Afterwards, the television series was given a reboot and retitled The Vise. It premiered in December 1955 on ABC, and was later moved to NBC and retitled Saber of London in 1957 where it ran through 1960.

==Overview==
ABC Mystery Theater was broadcast from 1951 to 1954, with two original seasons of scripts and one season of repeats from the second season. Season one introduced Inspector Mark Saber of the Homicide Squad and his able assistant, Sergeant Tim Maloney. For season one, character actor Robert Carroll was heard as Inspector Mark Saber. Sergeant Tim Maloney was portrayed by James Westerfield then Douglas Chandler. For seasons two and three, Les Damon, of radio's The Adventures of the Falcon and The Adventures of the Thin Man played the part of Inspector Saber and Walter Burke played the part of Sgt. Maloney.

==Synopsis==
ABC Mystery Theater premiered on October 3, 1951, to fairly neutral reviews. The program introduced listeners to the work life of Mark Saber. Saber is the senior inspector in a large metropolitan city's Homicide Squad. Most viewers and critics felt as though the concept of a different murder every week would eventually get old. But despite the negative reviews, ABC radio ordered a second season of episodes to premiere in the fall of 1952.

During its first season, ABC Mystery Theater ran directly against the similarly themed CBS Mystery Theatre. During its second season, the program was put up against CBS's Hearthstone of The Death Squad. Hearthstone of the Death Squad reproduced broadcasts from the two years of CBS Mystery Theatre repackaged as their own series. The immediate similarities were obvious among listeners such as CBS's "Death Squad" vs ABC's Homicide Squad, CBS's "Inspector" vs ABC's Inspector and the metropolitan murders which were the plots for each episode of both programs. They often ran on the same day and in some instances in the same time slot.

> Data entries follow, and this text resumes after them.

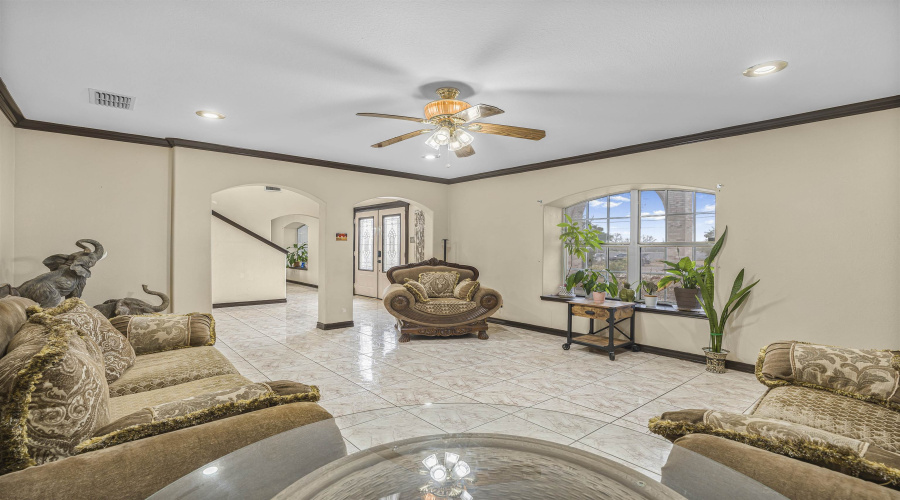 329 Old Milwaukee Rd., LAREDO, Texas 78043, 5 Bedrooms Bedrooms, 8 Rooms Rooms,3 BathroomsBathrooms,Residential,For Sale,329 Old Milwaukee Rd.,20260809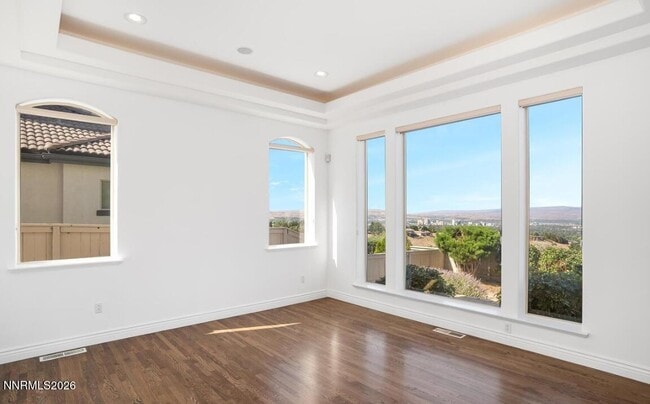 Photo - 4690 Aberfeldy Rd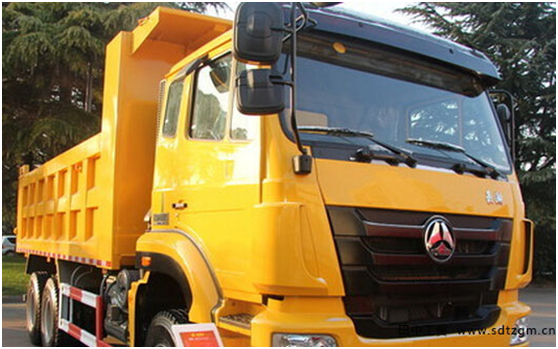 中國(guó)重汽豪瀚J5G新型渣土車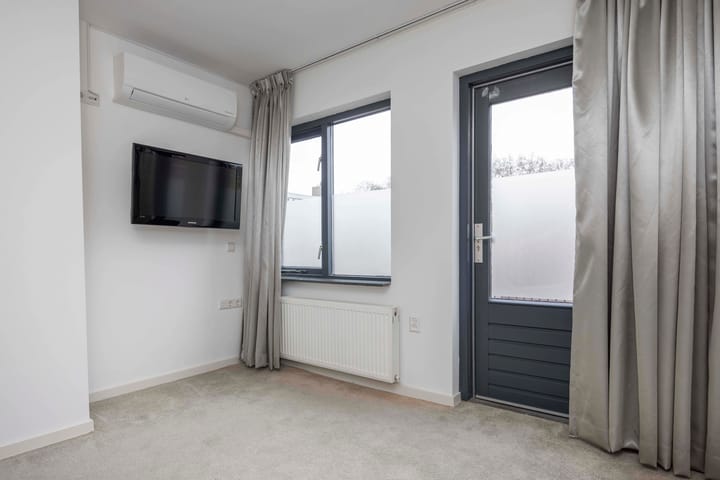 Foto 22 van Piusstraat 128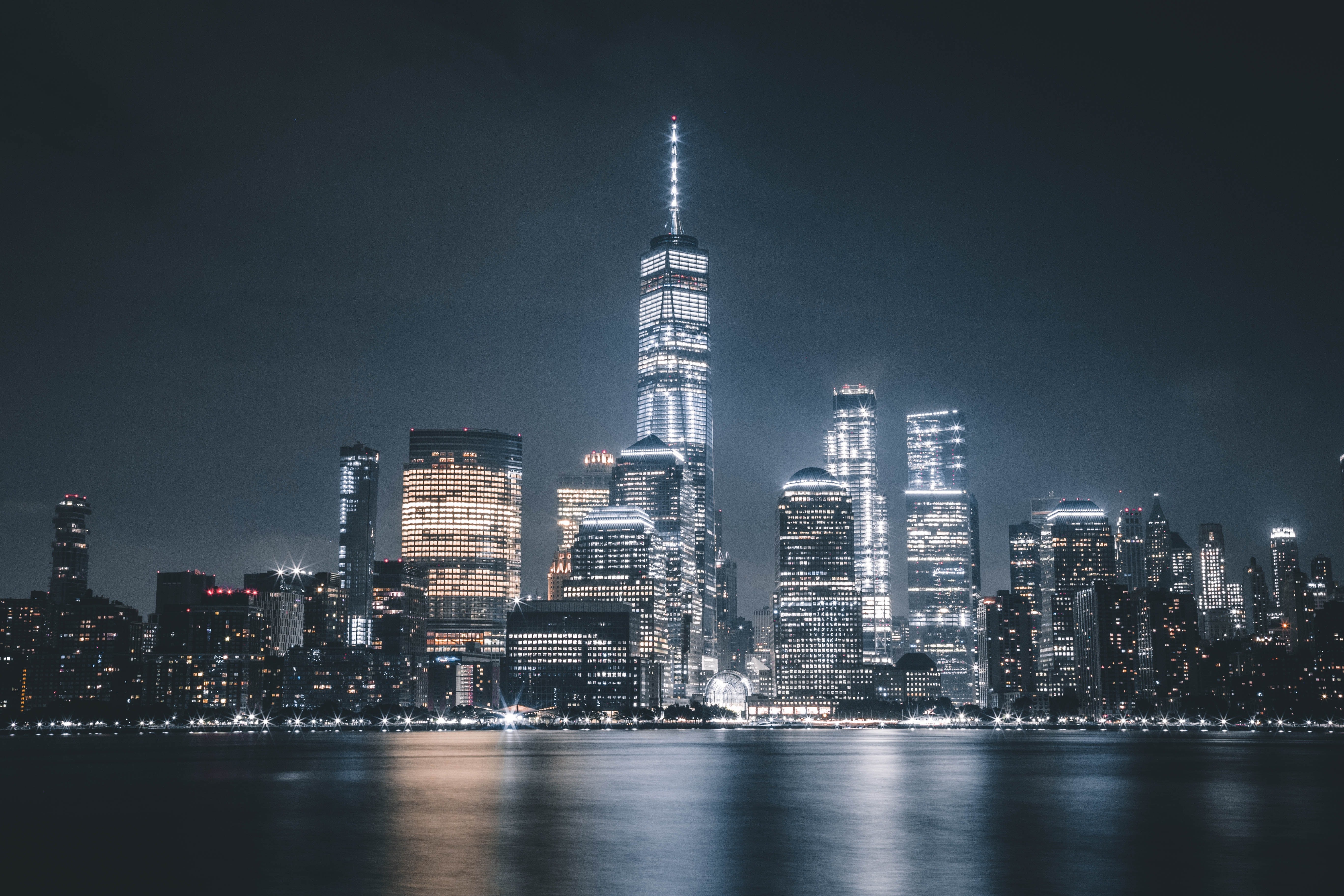 Manhattan, One World Trade Center, Freedom Tower, Nova York, Noite, Paisagem urbana, Luzes da cidade, 5K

In the end, listeners were getting weary of both CBS's Hearthstone and ABC's Mystery Theater and their similarities and neither of the two stories survived the 1952–1953 radio season.

The series ran for another season in which the episodes were just slightly modified versions of second season broadcasts and the program finally concluded on June 30, 1954, after its 115th broadcast.

==Television==

Two days after ABC Mystery Theater premiered on the radio, Mystery Theater premiered on the ABC Television Network. It aired on Fridays prime time at p.m. EST, against CBS's Mama, and NBC's Quiz Kids, and in April 1952 was moved to 9:30 p.m. on Wednesdays. For the 1952-53 television season, it was retitled Inspector Mark Saber – Homicide Squad and aired on 8 p.m. on Mondays, where it competed against CBS Lux Video Theatre and NBC What's My Name? For the 1953-54 television season, it was moved to 7:30 p.m on Wednesdays.

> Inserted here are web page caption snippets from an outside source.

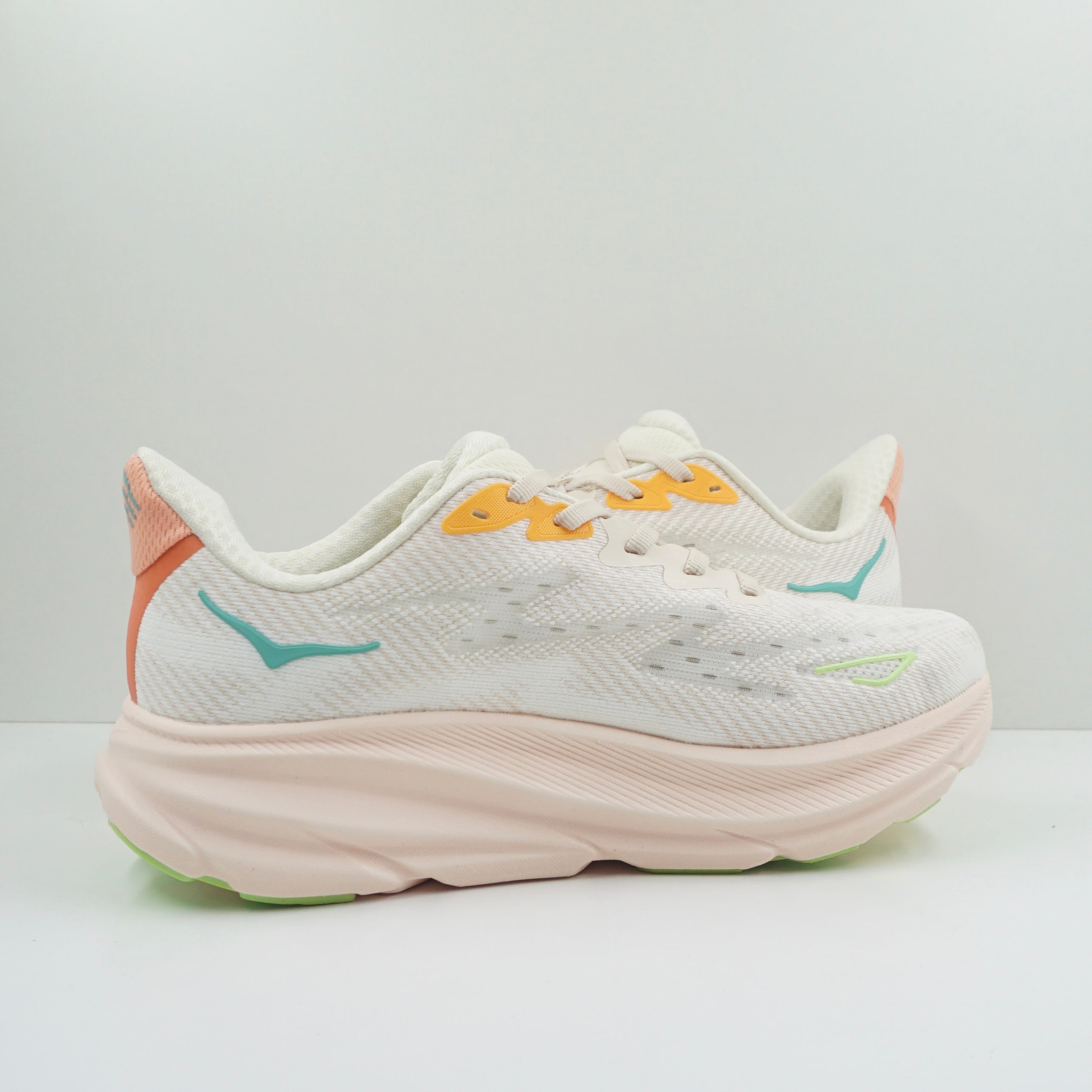 Hoka One One Clifton 9 Wide Vanilla Astral (W)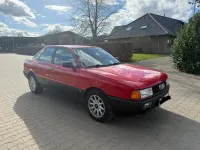 Käytetty Audi 80 Design 90 HP (66 kW) 1990 Punainen Sedan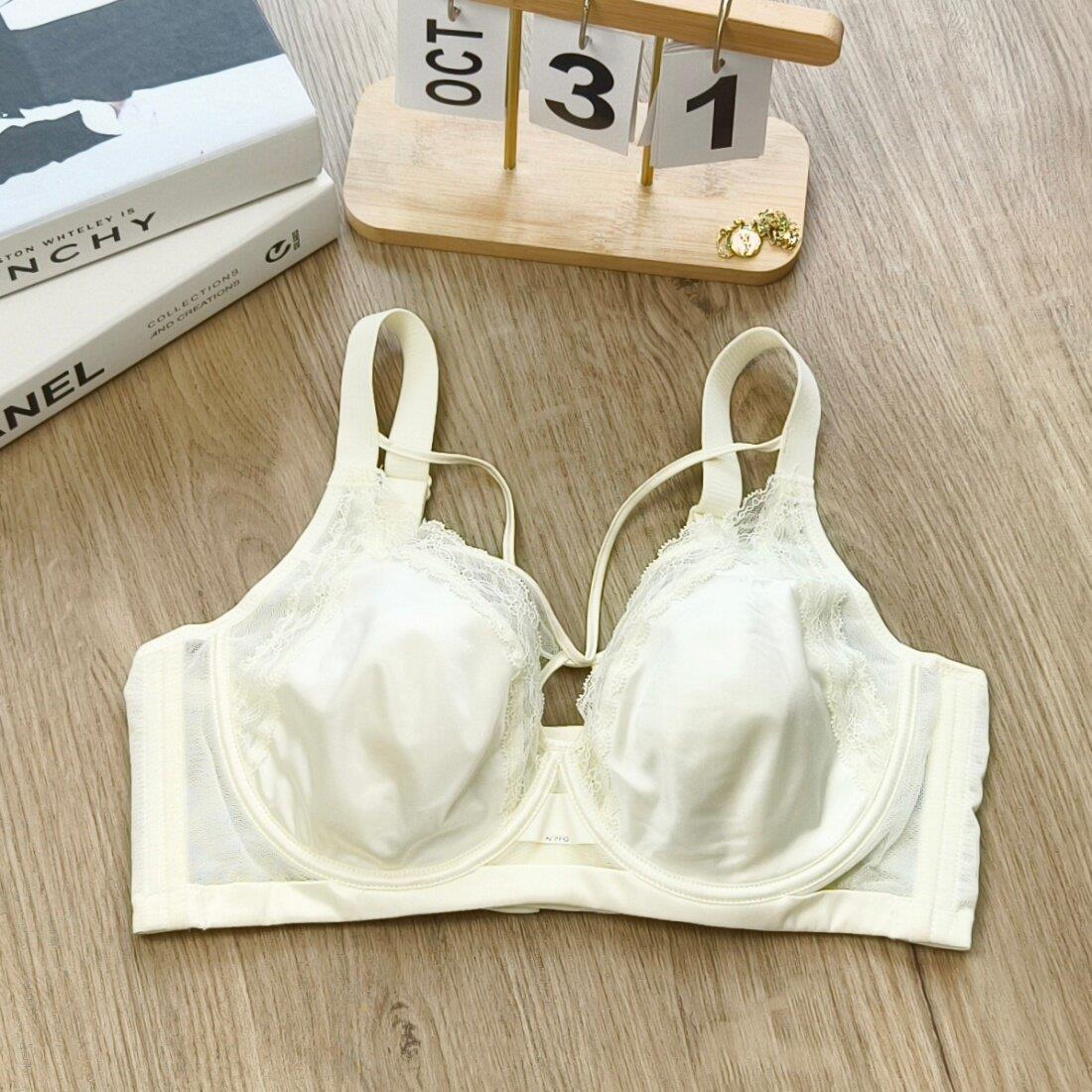 无痕缎面大胸显小内衣女调整型超薄款软钢圈收副乳防下垂内衣套装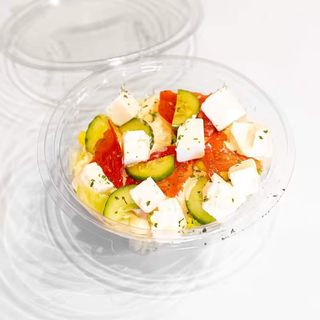 Sałatka Grecka z kurczakiem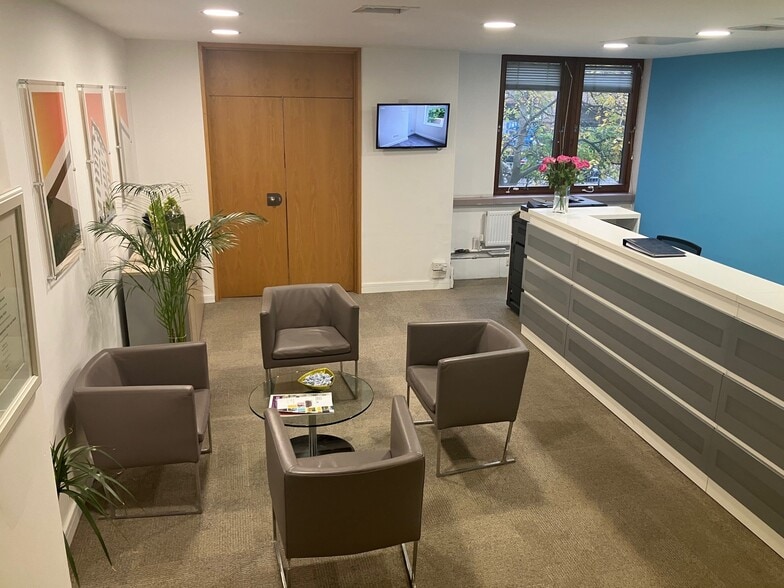 Ashley Ave, Epsom to rent - Interior Photo - Image 3 of 9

In the televised series, Mark Saber (portrayed by Tom Conway), a British homicide detective who works in the homicide department of a large American city and his trusty assistant, Sergeant Tim Maloney (portrayed by James Burke).

The series concluded in June 1954.

===Reboot===

In December 1955, the television series was given a reboot under the name The Vise and starred Donald Gray as Saber. In 1957, it switched to NBC and retitled Saber of London, when it aired at 7:30 p.m. EST on Fridays, opposite Leave It to Beaver, then on CBS, and The Adventures of Rin Tin Tin on ABC. In the 1958–1959 season, Saber of London switched to 7 p.m. Sundays, opposite CBS's Lassie. In its last year, 1959–1960, it was moved a half-hour earlier just outside prime time to 6:30 p.m. on Sundays.

In this iteration, Saber was no longer a US-based policeman, but now a one-armed private investigator operating from London. (Gray's left arm had been amputated in WWII). Gone was Sgt. Maloney, replaced by a succession of different sidekicks. Like its predecessor, The Vise went through various title changes including: Saber of London, Saber of Scotland Yard, and simply Mark Saber.